Although grounded in the particular examination of Diefenbaker's fate in the 1963 federal election, the analysis transcended Canadian politics, studying Canadian and US national foundations, Conservatism in the UK and North America, Canada's dual nature as a French and English nation, the fate of Western Enlightenment, and the philosophical analysis of citizenship in modern democracies.

== Content ==
According to Grant, Diefenbaker's position against the Bomarc was defeated by the Central Canadian establishment, who conspired with the Liberal Party to bring down Diefenbaker and diminish Canadian sovereignty. This was his lament; he felt there was an emerging Americanization of Canadians and Canadian culture due to the inability of Canadians to live outside of the hegemony of American liberal capitalism – and the technology that emanates from that system. He saw a trend occurring in Canada from one of nationalism to continentalism.

Grant suggested that the absorption of Canada into the United States was due in part to the idea of human progress as an inevitable force of a homogenizing nature, which occurs through the power of government, corporations, and technology. He notes that the idea of progress is often associated with improvement, that it is assumed that evolution will always be a positive change. He asserts that necessity and good are not the same thing and in his conclusion he ponders the good that can result from the erasure of boundaries between the two countries, such as increased access to material goods and more significantly the freedom offered by liberalism. Grant also argued that the media was used to enforce power structures rather than to convey factual data following the practice of empire.

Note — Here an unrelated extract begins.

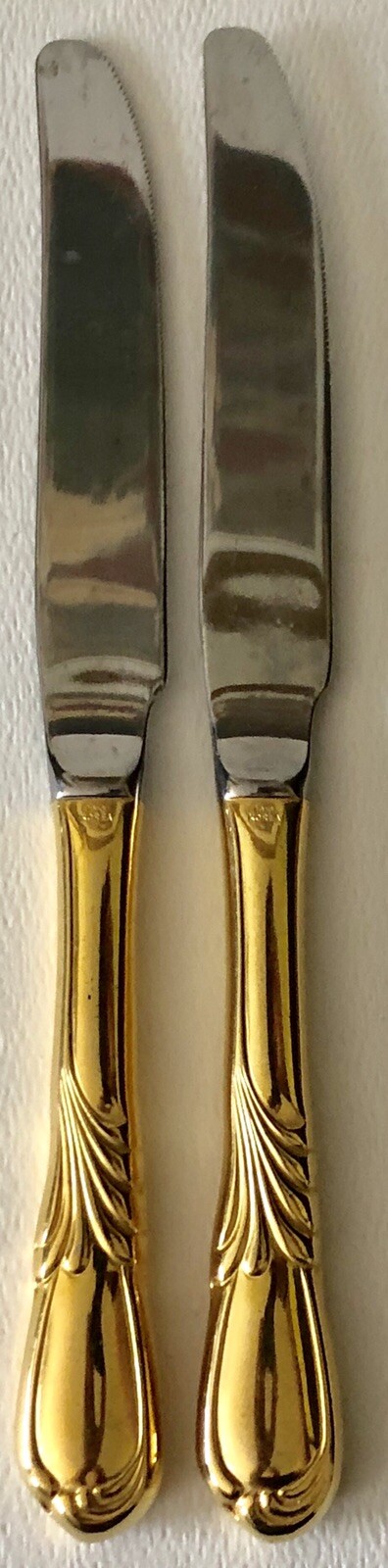 RETRONEU LINDA Dinner Knife Knives x2 Set GOLD Electroplate Stainless Flatware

Grant follows Diefenbaker's rise and fall noting that when his 1957 victory was due to his support by local businessmen who were threatened by large corporations, ironically, his later defeat would be due to the same reason, large corporations were offended by his opposition and concern with the people.

== Critical reception ==

Described as one of the seminal works of Canadian political thought, it discusses the influence of the United States via liberalism and technology on Canada – which Grant argued was traditionally a less liberal and more traditionally conservative entity and culture. Grant argued that Canada was doomed as a nation as was illustrated by the 1963 Bomarc Missile Program crisis. He predicted the end of Canadian nationalism, which for Grant meant a small-town, populist conception of Canada as a British North American alternative to American capitalism and empire, and a move towards continentalism.

In 1970, five years after the book was published, Grant admits it was written out of anger more than anything, yet also was a nostalgic reminiscence of the former uniqueness of Canada, because "Canada was once a nation with meaning and purpose".

In 2007, Michael Byers wrote a counter-argument entitled Intent for a Nation: What is Canada For?.

In 2015 Michael Enright stated that the book had "a profound impact on Canadian intellectual history".